Seders has a reputation for intellectual sincerity, business honesty, professionalism, and devotion to her artists. The longtime Anderson collector Terry Welch describes her as having "a crystalline mind." (She is, in fact, learning Chinese from books.) When the artist Michael Howard, known for his earthy paintings of lonely architecture, decided to make vivid, painted-collage abstractions, she readily exhibited his new direction, whereas plenty of gallerists would have discouraged it.

Seders doesn't give discounts to museums, so that her artists get their full price. She has followed through on planned catalogs even after the artists in question switched galleries. And she has handled her rather famous defeats with grace. In the 1990s, shortly before Anderson died and after she had represented him for three decades, his spouse moved Anderson's work to another gallery suddenly and for no good reason. But even more painful was when Jacob Lawrence's widow, Gwen Knight, yanked his works from the Seders Gallery in 2002 after a relationship that spanned decades.

"They were kind of a family," says curator Beth Sellars. "Whenever Gwen and Jake had to go somewhere, it was usually Francine who drove them." Seders, notably, drives a dark-red 1966 Mustang. "I curated a Lawrence show for the Henry. Francine was totally gracious about it, and you knew she was suffering."

Seders admits she was "very personally hurt." And on top of the emotional loss, she also took on a financial burden: Artists like Anderson and Lawrence carry a gallery. Seders had hired an employee—her gallery is like a family, and one assistant has worked there 34 years—just to keep up with Lawrence's popularity, "and I am trying very hard to conserve their jobs. I don't have much savings, much money put aside—I plan to work as long as I can."
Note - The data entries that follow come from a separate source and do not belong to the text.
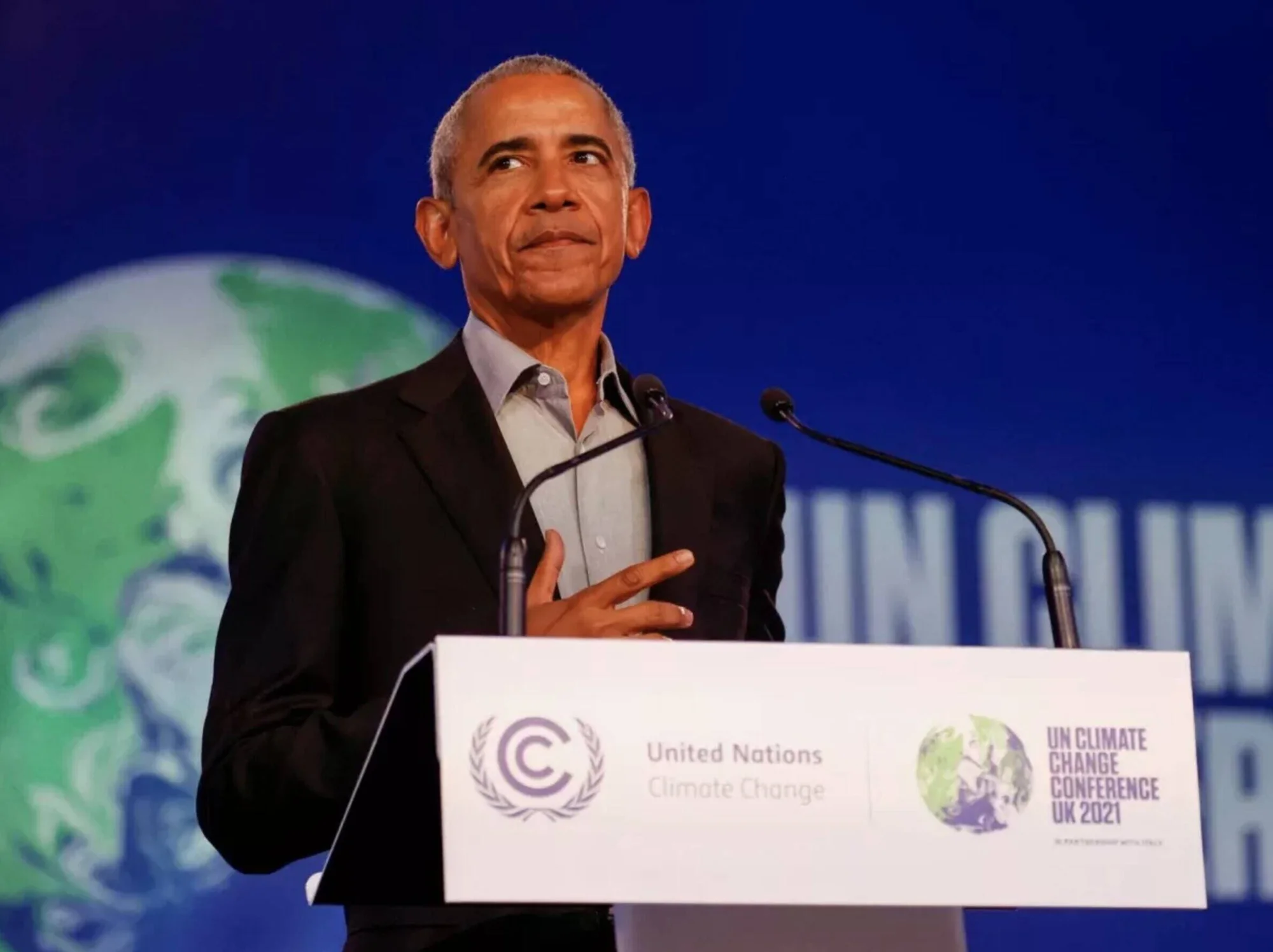 Barack Obama habla en el atril de la Conferencia de Cambio Climático de la ONU (COP26) en Reino Unido, 2021.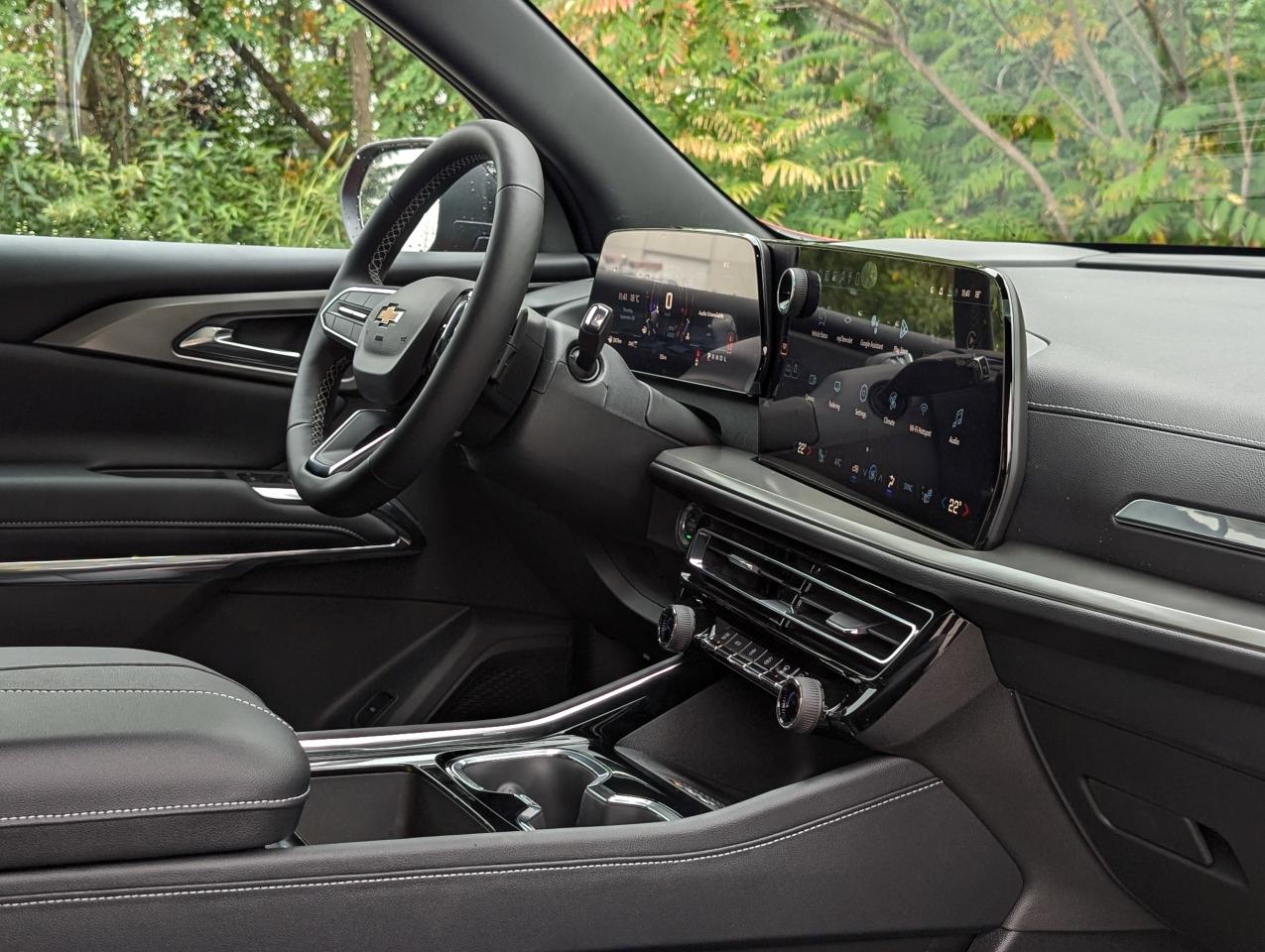 2026 Chevrolet Traverse LT Photo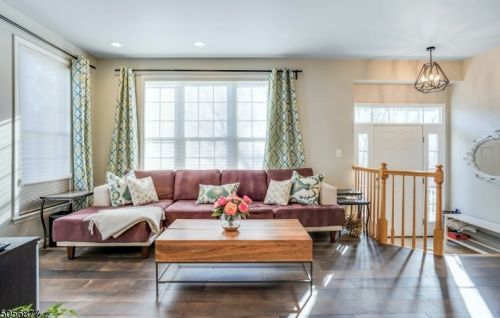 156 Arrowgate Dr, Dover, NJ 07869-5219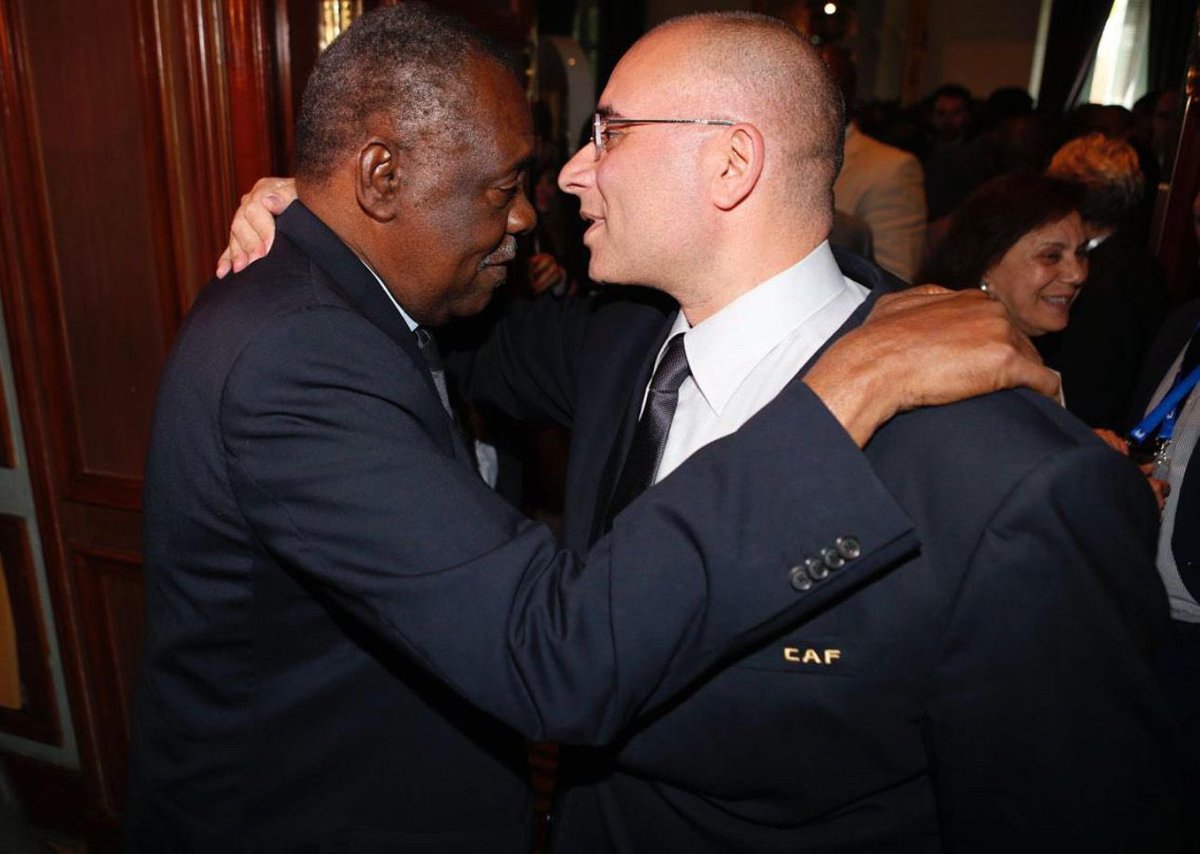 C'est avec une profonde tristesse que j'ai appris le décès du Président Issa Hayatou. Toutes mes pensées et mon soutien vont à sa famille et à ses proches en ce moment douloureux .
Seders is one of the only remaining dealers in a line that goes back to the earliest contemporary galleries in Seattle. When Lawrimore Project opened this year, Greg Kucera, who opened his Pioneer Square gallery in 1983 shortly after showing his own paintings at Seders's, passed new dealer Scott Lawrimore a stone Seders had given him. One side was rough, one smooth: a symbol of what was in store. Kucera describes the Seders Gallery as "a genteel business, but not a snobby business."
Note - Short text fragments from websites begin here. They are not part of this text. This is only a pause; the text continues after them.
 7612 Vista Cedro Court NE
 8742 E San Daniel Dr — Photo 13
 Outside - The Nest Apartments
Laughingly, Seders says her only regret is not marrying a rich man so she could support her three dozen artists better. She got close to marriage twice, but said she felt it would compromise her independence—an explanation that didn't stop people from looking at her funny when she explained that, no, she wasn't a lesbian. People have always found her inexplicable. The abstract painter Robert Jones has known her since 1969, and "my shows never sell, but she's carried me all these years," he said. "I'm very fond of her, but I don't know her very well," he added. "I think she's an unknown thing."